The notion of SELFORGANIZING SYSTEM plays a crucial role in your written work. Would you explain the reach of this concept? Which conceptual presuppositions regarding identity or selfhood does it imply?
According to the sciences of complexity, self-organising systems abound in our universe. Only under certain, mostly artificial, constraining conditions which are not so often found in our universe do self-organising systems degenerate to mechanical systems that do not produce novelty. This means, that all systems we find are, basically, self-organising systems – whether in physical, chemical, biological or social domains.
Of course, self-organisation does evolve itself. So you find systems of different self-organising capacities. They form different evolutionary strata. The most primitive self-0rganising systems demonstrate only the dissipative type of self-organisation Prigogine dealt with. Biotic systems are dissipative systems that do their dissipation in an autopoietic way Maturana and Varela made popular. Social systems are autopoietic systems that do their autopoiesis in a “re-creative” way as Erich Jantsch – by the way, an Austrian, and a friend of Peter Fleissner in whose teams I had been working for a long time in my life – liked to talk of.
Well, these different self-organising systems populate our world. And they are the agents of change. They are, in a way, subjects, they are, in a way, selves, if to different degrees, from the most rudimentary dissipative system which might be called a protoself to the autopoietic system which might be labeled a quasi-self to the most sophisticated re-creative system which is that fully-fledged self we are used to calling today (so far we do know nothing of extraterrestrial life – but, I’m sure, if it is out there, it is another branch of self-organisation). What they all have in common is spontaneity which means there is more than only one option to be realised by them.
Let’s have some input for such an agent. The output then is not predetermined, not fixed, but dependent on the agent itself and the output is dependent on the agent as much as it is dependent on the input. This is the precondition of human free will which decides in a reflective manner between possible alternatives.
Often, “information” refers to relations or processes in nature or in artifact which are lacking MEANING or indeed semantical content. Thermodynamics, electronics, genetics and many other disciplines offer examples of this use of “information”. Also often, “information” typically refers to semantical content and involves MEANING or related intentional phenomena. Folk psychology, library science, common sense and many other activities offer examples of this use of “information”. A Unified Theory of Information is aimed at a unified account of both uses of “information”. How is this possible? How is this program to be carried over?
I think we have to approach this question in an evolutionary perspective. That is, we have to accept that there is a lineage of ramifications in the ontogenesis and evolution of real-world systems that makes all the different manifestations of information genetically linked to one another – linked by history, by being descendants having the same ancestors, so to speak. If information comes with meaning in humans or in other biotic systems as biosemioticians like to insist on, then there must be a prestage of meaning, a predecessor of meaning, in systems that are less complex. The task is to investigate what is in common on different stages of evolution and to investigate what is different on the basis of the commonality.

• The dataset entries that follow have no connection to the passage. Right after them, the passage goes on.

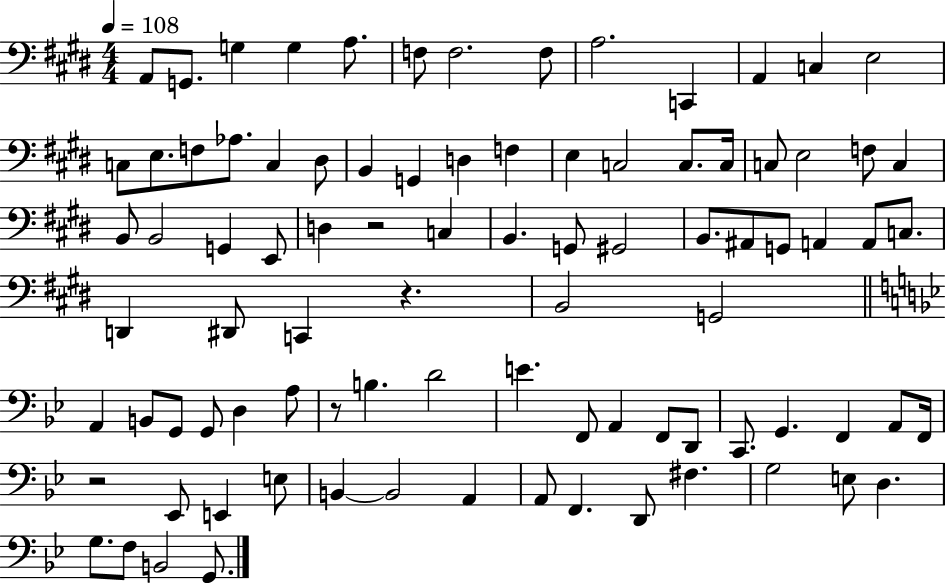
{
  \clef bass
  \numericTimeSignature
  \time 4/4
  \key e \major
  \tempo 4 = 108
  \repeat volta 2 { a,8 g,8. g4 g4 a8. | f8 f2. f8 | a2. c,4 | a,4 c4 e2 | \break c8 e8. f8 aes8. c4 dis8 | b,4 g,4 d4 f4 | e4 c2 c8. c16 | c8 e2 f8 c4 | \break b,8 b,2 g,4 e,8 | d4 r2 c4 | b,4. g,8 gis,2 | b,8. ais,8 g,8 a,4 a,8 c8. | \break d,4 dis,8 c,4 r4. | b,2 g,2 | \bar "||" \break \key bes \major a,4 b,8 g,8 g,8 d4 a8 | r8 b4. d'2 | e'4. f,8 a,4 f,8 d,8 | c,8. g,4. f,4 a,8 f,16 | \break r2 ees,8 e,4 e8 | b,4~~ b,2 a,4 | a,8 f,4. d,8 fis4. | g2 e8 d4. | \break g8. f8 b,2 g,8. | } \bar "|."
}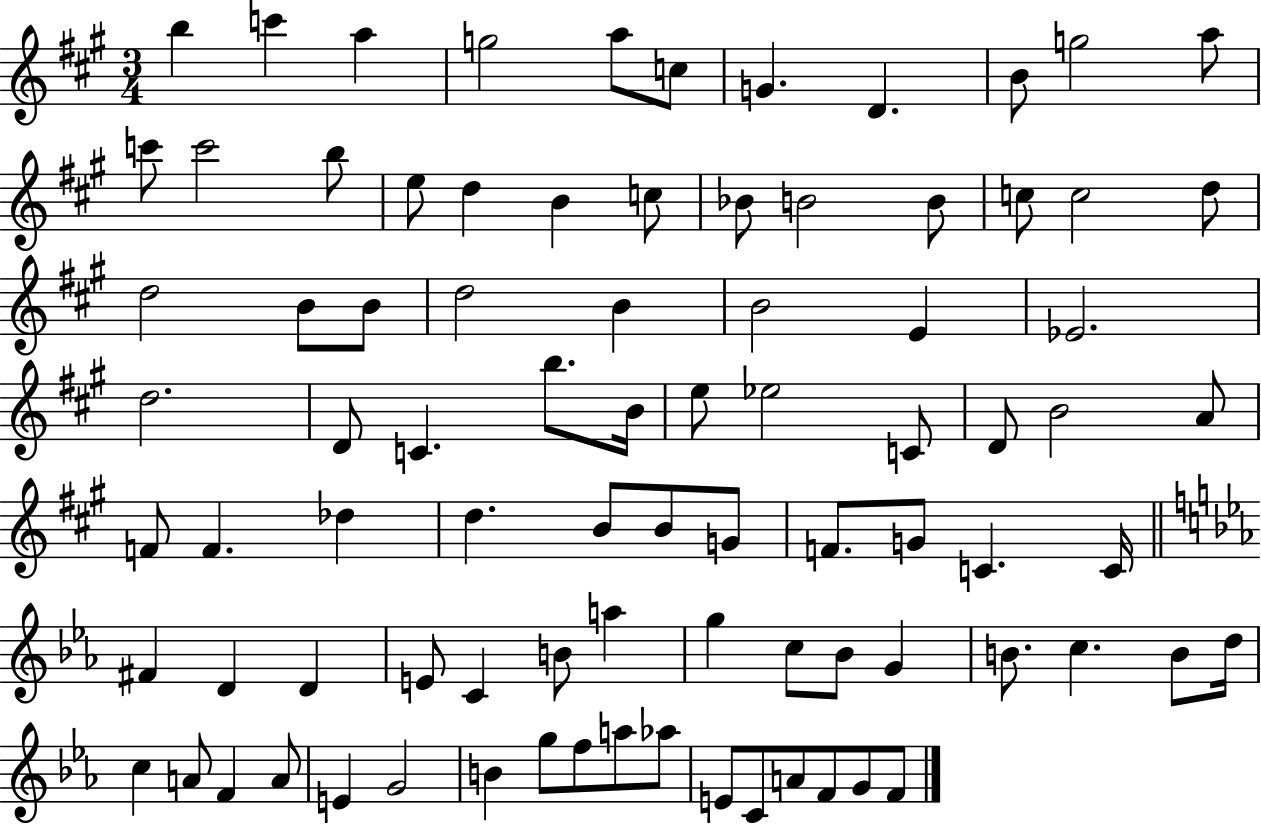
{
  \clef treble
  \numericTimeSignature
  \time 3/4
  \key a \major
  b''4 c'''4 a''4 | g''2 a''8 c''8 | g'4. d'4. | b'8 g''2 a''8 | \break c'''8 c'''2 b''8 | e''8 d''4 b'4 c''8 | bes'8 b'2 b'8 | c''8 c''2 d''8 | \break d''2 b'8 b'8 | d''2 b'4 | b'2 e'4 | ees'2. | \break d''2. | d'8 c'4. b''8. b'16 | e''8 ees''2 c'8 | d'8 b'2 a'8 | \break f'8 f'4. des''4 | d''4. b'8 b'8 g'8 | f'8. g'8 c'4. c'16 | \bar "||" \break \key ees \major fis'4 d'4 d'4 | e'8 c'4 b'8 a''4 | g''4 c''8 bes'8 g'4 | b'8. c''4. b'8 d''16 | \break c''4 a'8 f'4 a'8 | e'4 g'2 | b'4 g''8 f''8 a''8 aes''8 | e'8 c'8 a'8 f'8 g'8 f'8 | \break \bar "|."
}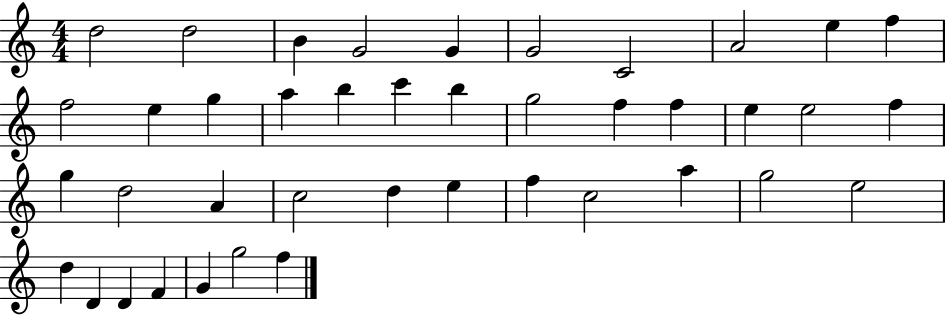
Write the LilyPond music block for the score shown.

{
  \clef treble
  \numericTimeSignature
  \time 4/4
  \key c \major
  d''2 d''2 | b'4 g'2 g'4 | g'2 c'2 | a'2 e''4 f''4 | \break f''2 e''4 g''4 | a''4 b''4 c'''4 b''4 | g''2 f''4 f''4 | e''4 e''2 f''4 | \break g''4 d''2 a'4 | c''2 d''4 e''4 | f''4 c''2 a''4 | g''2 e''2 | \break d''4 d'4 d'4 f'4 | g'4 g''2 f''4 | \bar "|."
}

In my attempt to do justice to that, information in the most general sense is a relation that is produced by a self-organising system. This agent relates some entity or event, in the most general sense, in its umwelt – an input – to some entity or event that it generates itself – to the so-called output. This output is not necessitated in its specificity, not necessitated in its entirety, by the input. The agent could produce a variety of outputs that relate to the same input. In this respect, there is novelty in the relationship, there is a leap in quality from the input to the output, there is emergence which is brought about by the agent. In doing so, in producing a unique output, in providing novelty, the agent assigns an agent-specific signature to the input. Using semiotic terms, we can say the agent which is the sign-maker makes a sign which stands for that for which the agent makes the sign. So, I hope I could make this clear: meaning does not fall from heaven, it is already there in the most general sense in an agent in so far as the agent relates a certain output to an input. We just have to add that this relation undergoes a long way of evolution and that ever more complex manifestations of meaning, tied to, in my terminology, ever more complex manifestations of information, are developed.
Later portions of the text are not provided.